TASK DIRECTIONS |
Return the lines of the data below starting at the one holding "Aydinbey Famous Resort 9 - Outdoor Pool" and ending at the one holding "tiktok-testing", word for word, leaving every picture out.

==== ENTRIES SUPPLIED

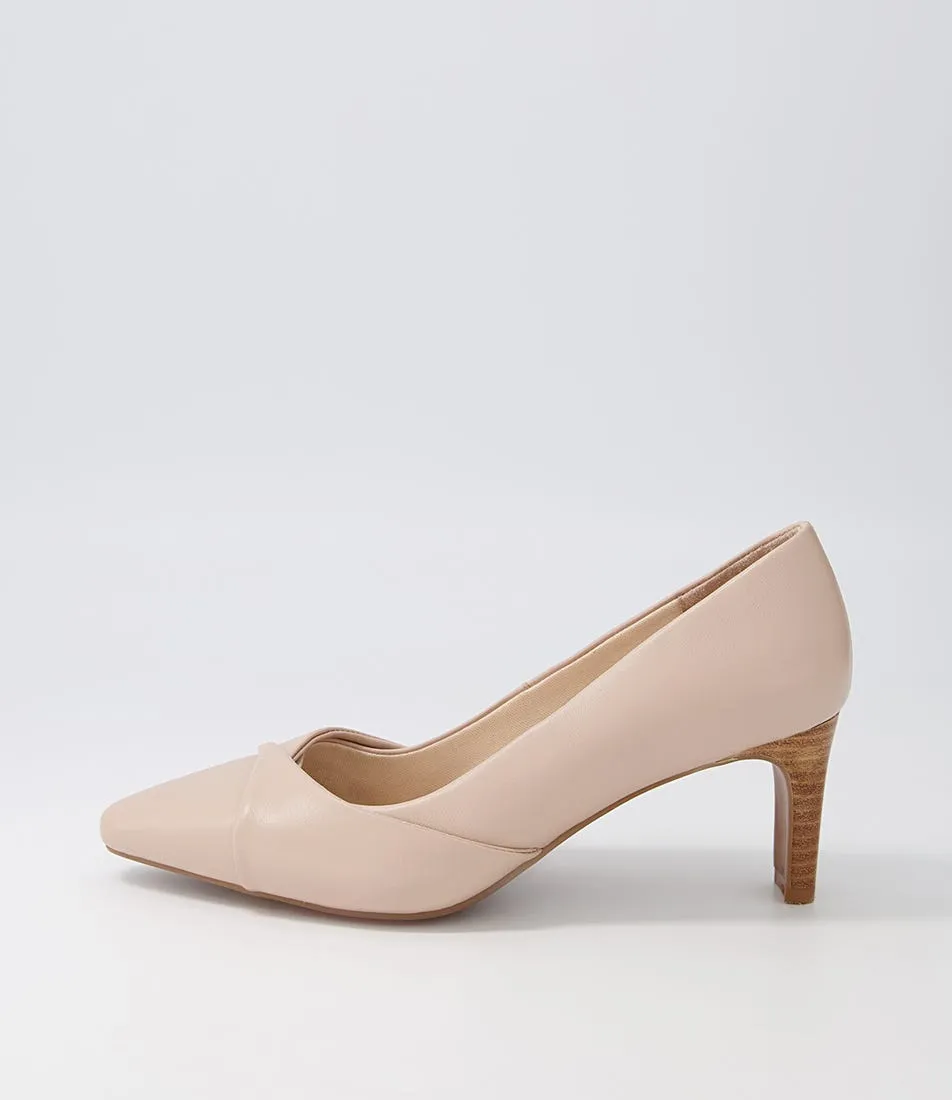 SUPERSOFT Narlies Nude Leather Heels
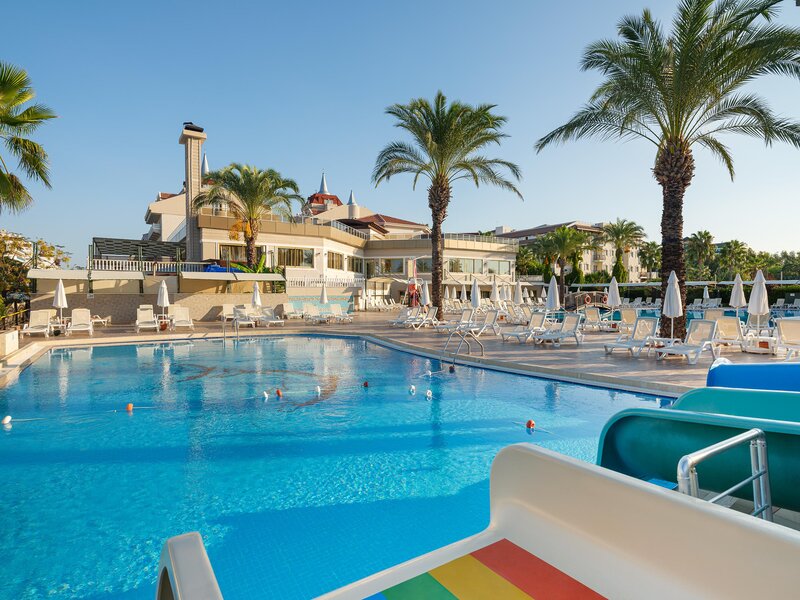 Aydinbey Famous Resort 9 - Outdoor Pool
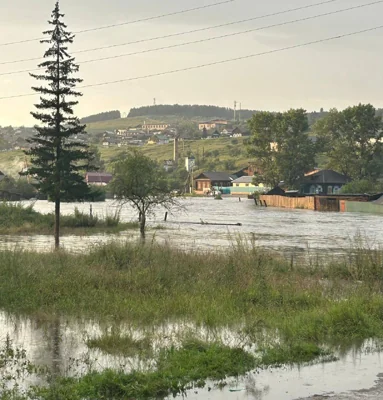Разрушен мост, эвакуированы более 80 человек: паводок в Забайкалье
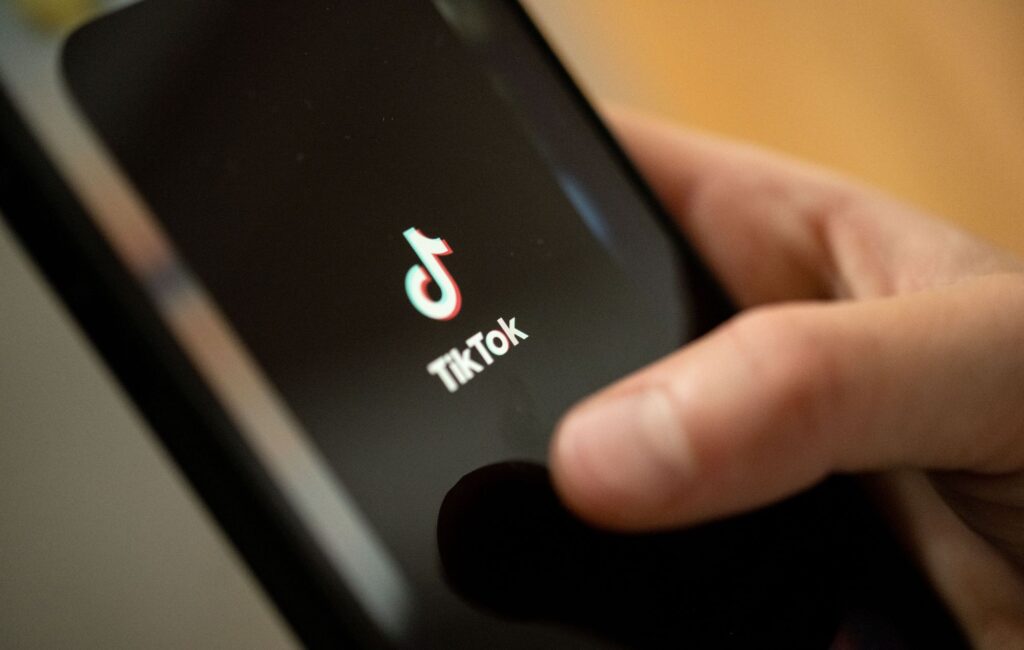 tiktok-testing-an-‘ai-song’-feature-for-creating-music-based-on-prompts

========
==== ENTRIES SUPPLIED

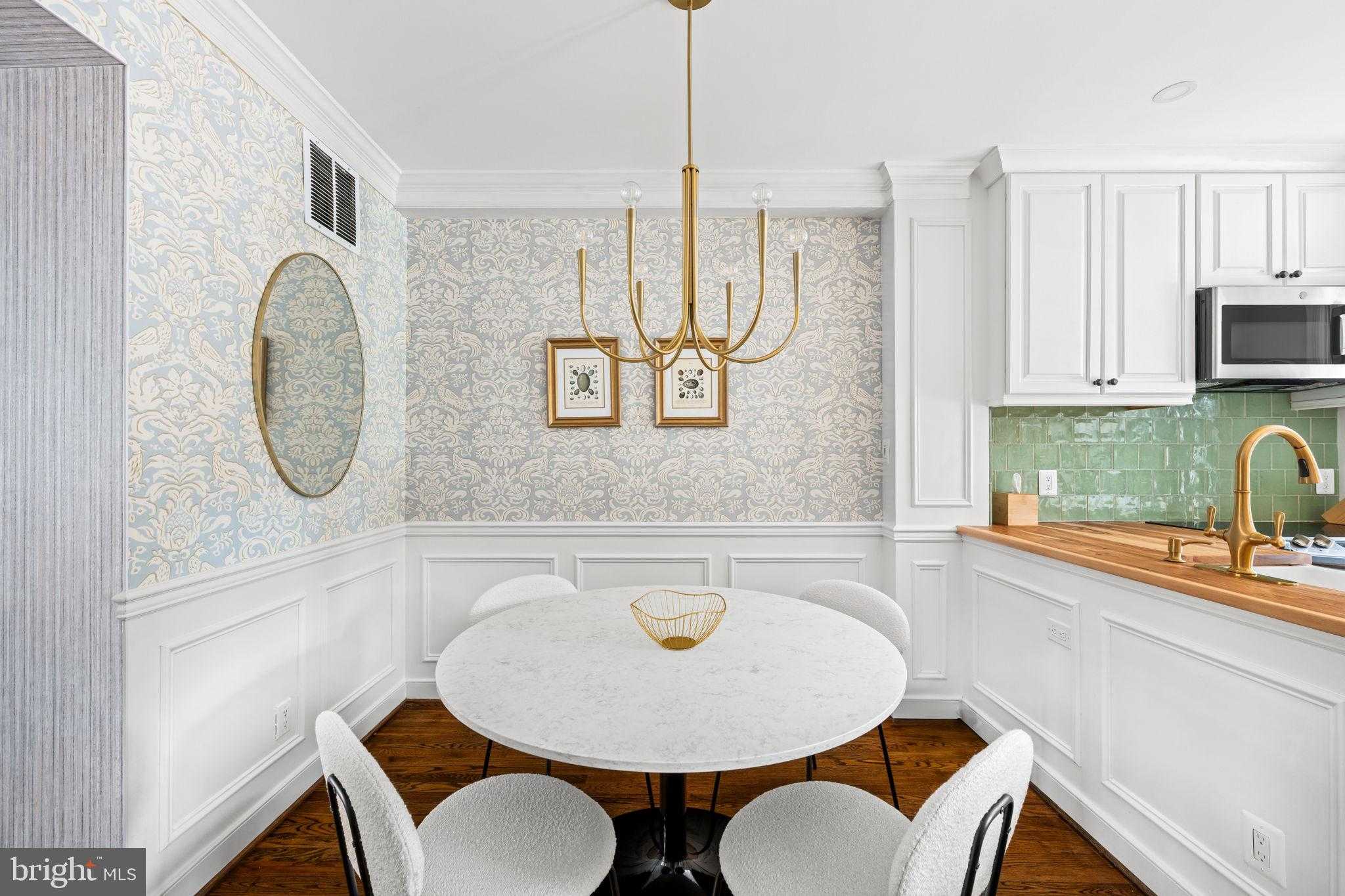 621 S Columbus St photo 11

========

ANSWER SPACE |
 Aydinbey Famous Resort 9 - Outdoor Pool
Разрушен мост, эвакуированы более 80 человек: паводок в Забайкалье
 tiktok-testing-an-‘ai-song’-feature-for-creating-music-based-on-prompts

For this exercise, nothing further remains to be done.